このうち「水素燃料電池用超低白金触媒研究団」は、経済的価値創出の可能性が高いと評価されている。水素燃料電池触媒として使われる白金は、希少性や供給不安定性などで1グラム当たり7万ウォン(約6700円)相当の高価であり、通常の触媒価格が燃料電池全体価格の45%を占める。
同研究団は触媒に使われる白金量を従来の商用方式に比べ10分の1のレベルに減らしつつ、同一性能の超高活性·高耐久性を持つ新触媒素材の開発を目標とする。
これまで類似目的研究は実験段階を超えて商用化までにつながらないなど限界があった。研究団は、実験室における中核技術の確保の次のステップとして、技術商用化のための新触媒適用用膜電極接合体(MEA)100㎠(10×10)以上の大面積化技術の開発も進める。また、新触媒素材の開発後は、大量生産のための最適な量産手法を企業と共にに開発できるよう支援する。
この他、研究団として二次電池用シリコン陰極素材の研究、輸送機器用バイオマス基盤バイオプラスチック素材の開発なども支援する。
未来技術研究室は、65大未来先導品目を含む未来先端素材を中心に、未来有望素材分野の供給網を創出し先導できるよう、韓国材料研究院中心の調査·企画専門家集団体系を構成·活用して、未来の先端素材別技術難題を導き出し、これを解決するR&D支援方式の適用に集中していく計画だ。
各研究室はホログラム用能動光メタ素材および素子研究室、バイオインターフェイシング素材研究室、ナノ構造ギガ強度アルミニウム研究室、人工知能-スマートラップ基盤酸化物固体電解質革新研究室などだ。

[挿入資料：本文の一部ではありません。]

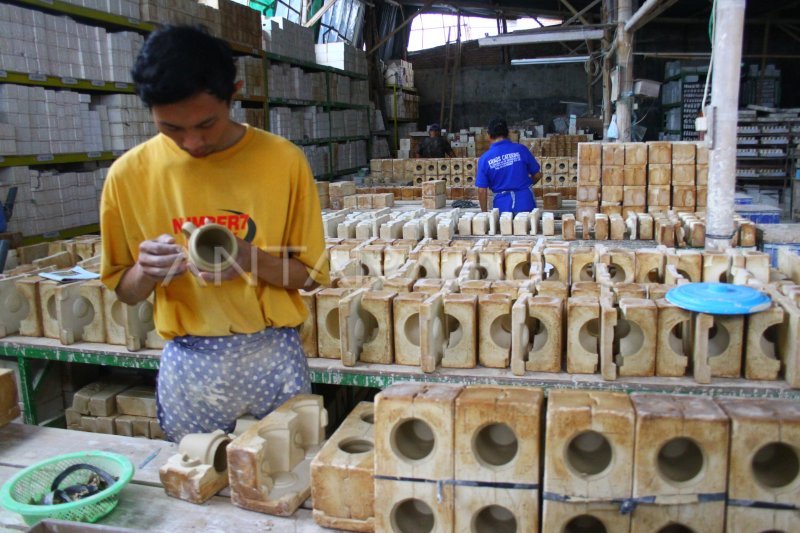 Upaya Perajin Keramik Mengatasi Anjloknya Penjualan Antara Foto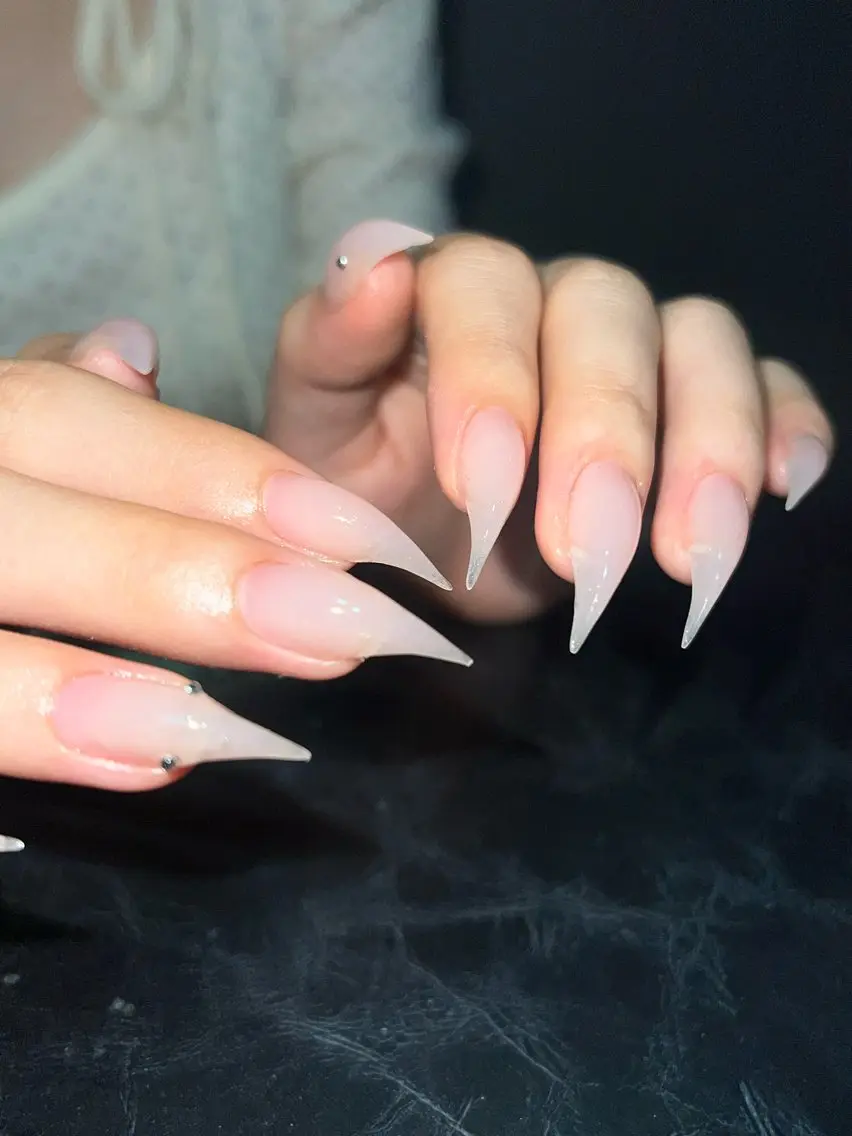 ネイル ハンドネイル Hata nail 🎀個性派ニュアンスのネイルデザイン
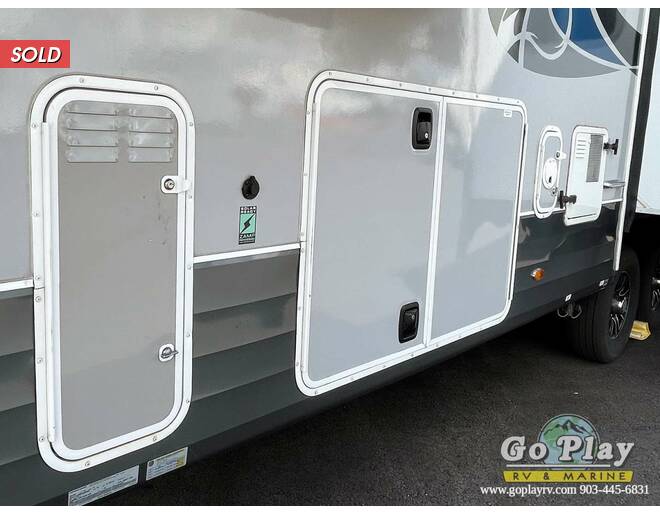 2019 Northwood Arctic Fox Silver Fox Edition 29.5T Fifth Wheel at Go Play RV and Marine STOCK# 150250 Photo 8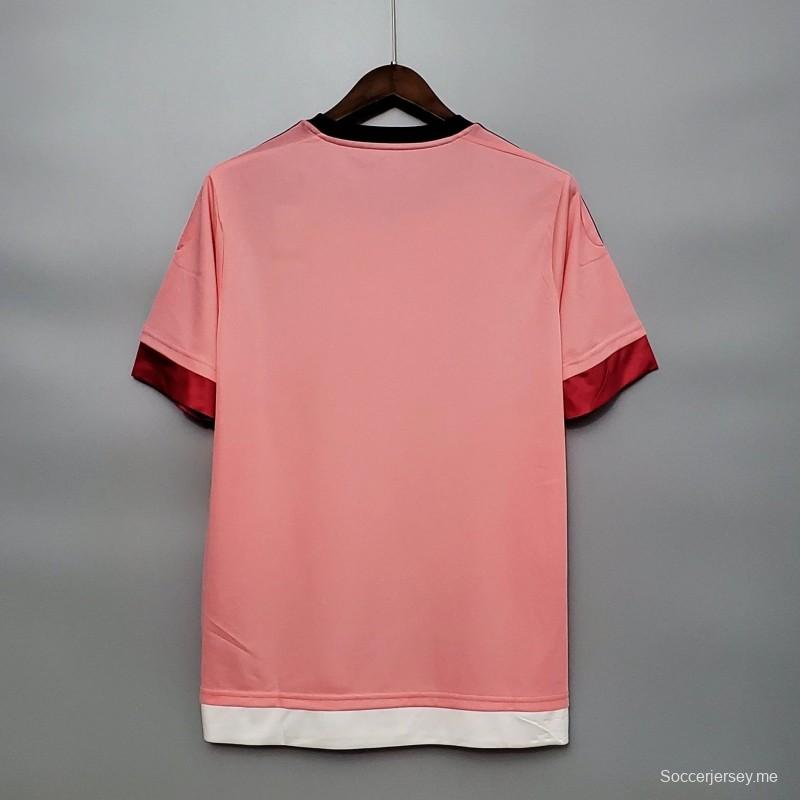 قميص يوفنتوس 15/16 ريترو 15/16 ذهاباً وإياباً وردي اللون الوردي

このうち「ホログラム用光メタ素材研究室」は、ディスプレイ分野の核心技術を先取りするものと期待される。未来型ホログラム実現のためには2ビットレベルの解像度向上と10度以下の視野角拡大問題が主な技術難題であった。
研究室は、6ビット級高解像度(400㎚)と60度以上の広視野角を可能とする未来用ホログラムを実現するため、光の位相と強さを同時に能動的に変調することを可能とする新たな光メタ素材の開発を目指している。これらの技術難題を解決することにより、ホログラム使用時の視野角の制限と視覚的疲労感を実現するために要求される複雑な装置等の従来の立体映像ディスプレイの限界を克服することが可能である。
この他にも、未来モビリティ用の高強度アルミニウム開発なども支援し、2025年までに計100の研究室を選定·支援していく計画だ。
12の研究団·研究室には5年間で720億ウォン(約69億円)を支援し、定期的な交流会·討論会の開催、特許戦略の樹立·実行、技術需要企業の調査·連携及び産学研協力などのR&D課程遂行密着支援も推進する計画だ。